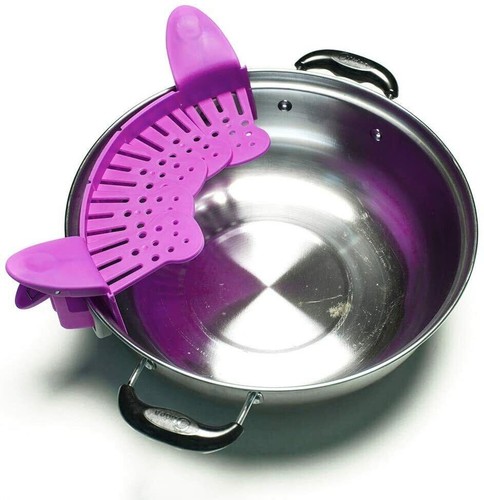 Silicone Clip On Strainer Snap Colander Spout Kitchen Food Drainer Veggie Tool - Picture 7 of 13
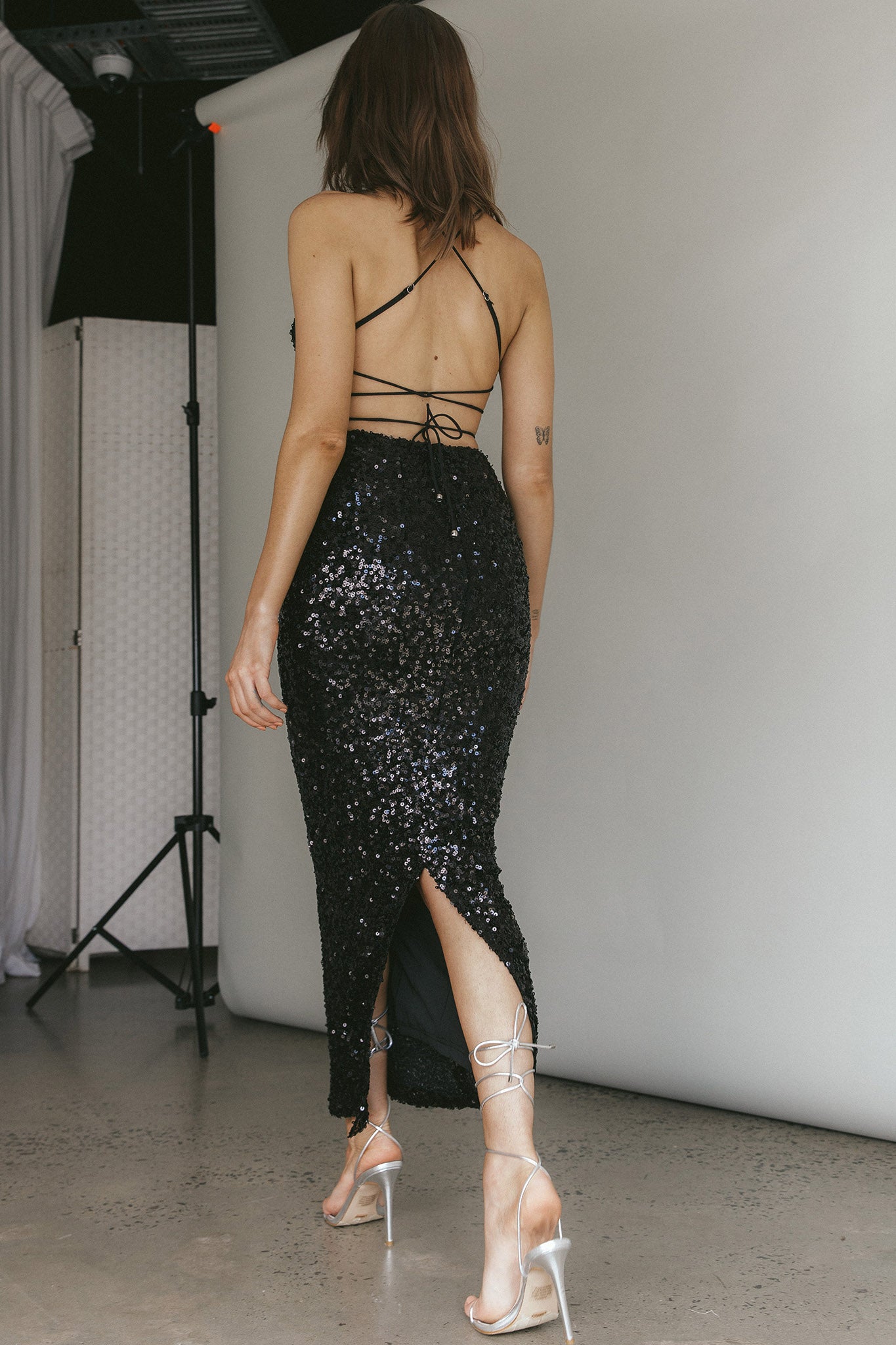 Zefa Sequin Triangle Top Black by Selfie Leslie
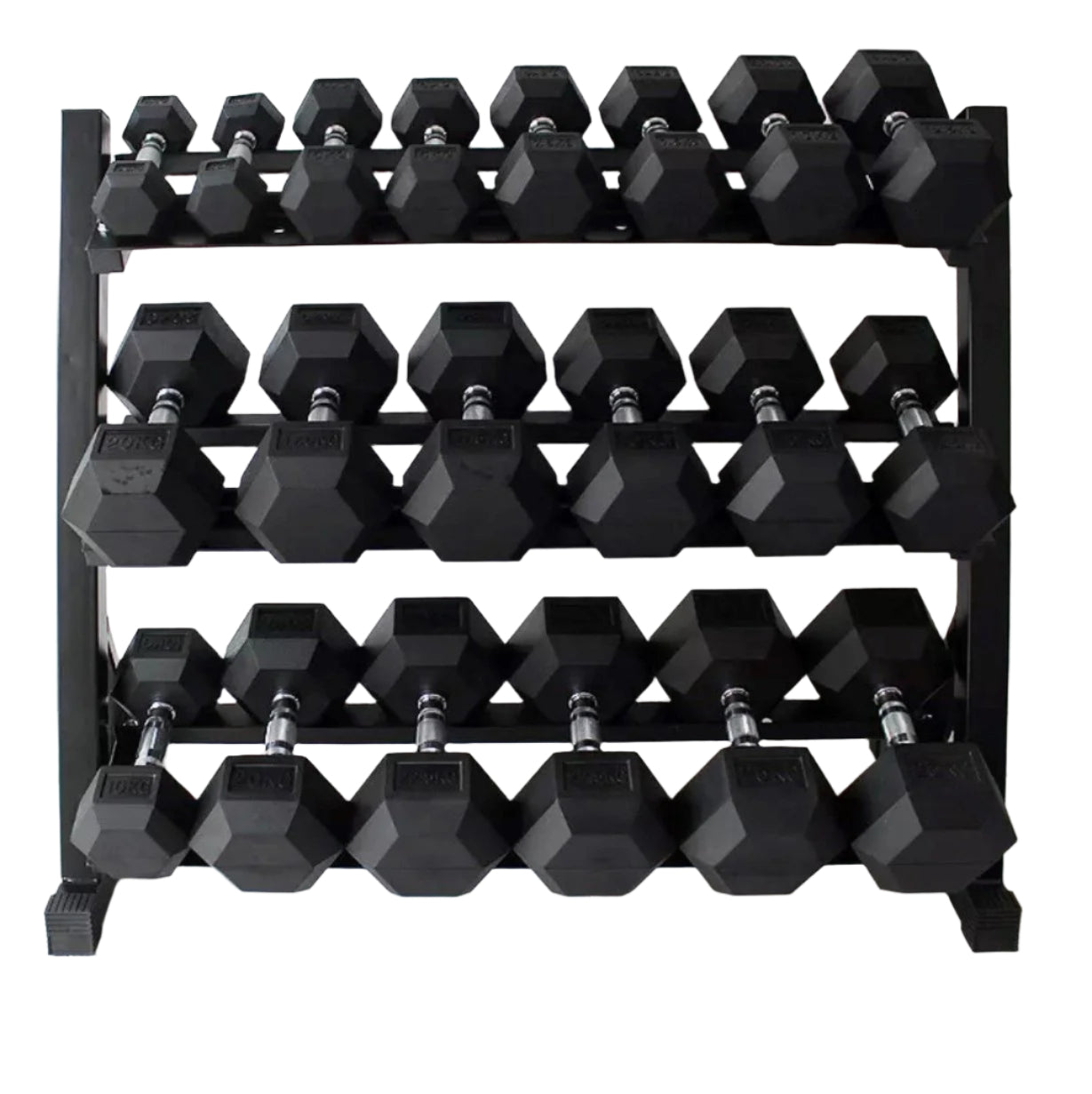 BRIXX 2.5kg - 25kg Hex Dumbbell & Rack Set | 10 Pairs - 275KG Package ...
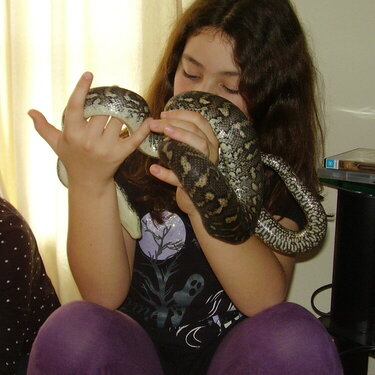 Tori with Albert the Carpet Snake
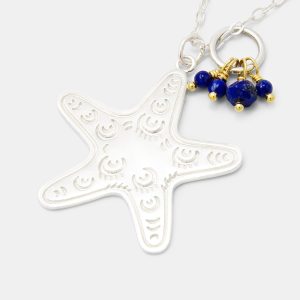 Starfish & Lapis Lazuli Cluster Necklace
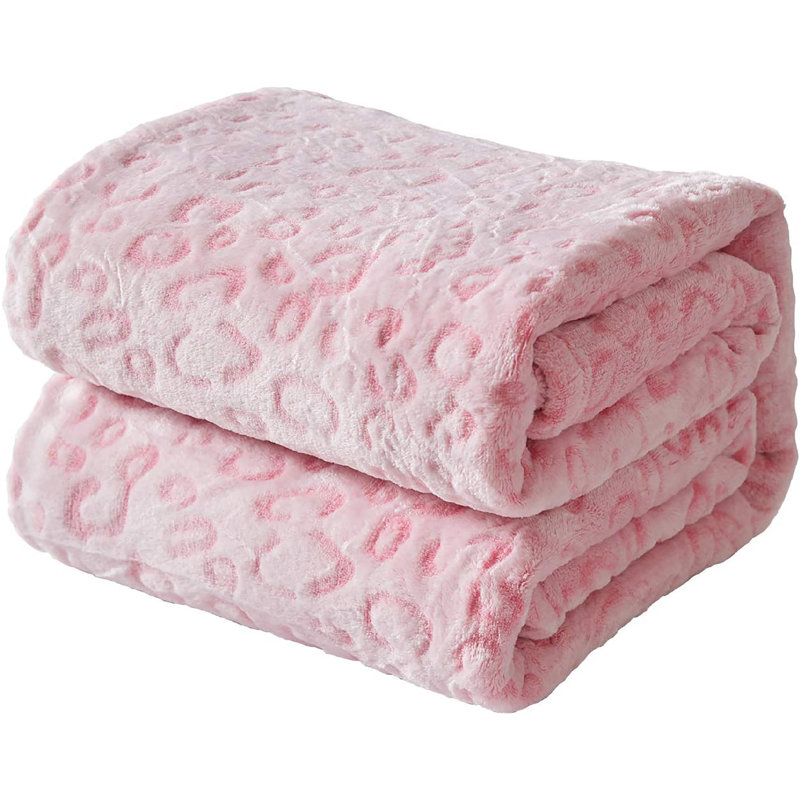 Couverture en flanelle , Rose, 90 po x 90 po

**YOUR GOAL**.
What is needed is an exact copy of every line from the one with "Starfish & Lapis Lazuli Cluster Necklace" to the end of the listing above, with the pictures left out.

**TASK RESULT**.
 Starfish & Lapis Lazuli Cluster Necklace
 Couverture en flanelle , Rose, 90 po x 90 po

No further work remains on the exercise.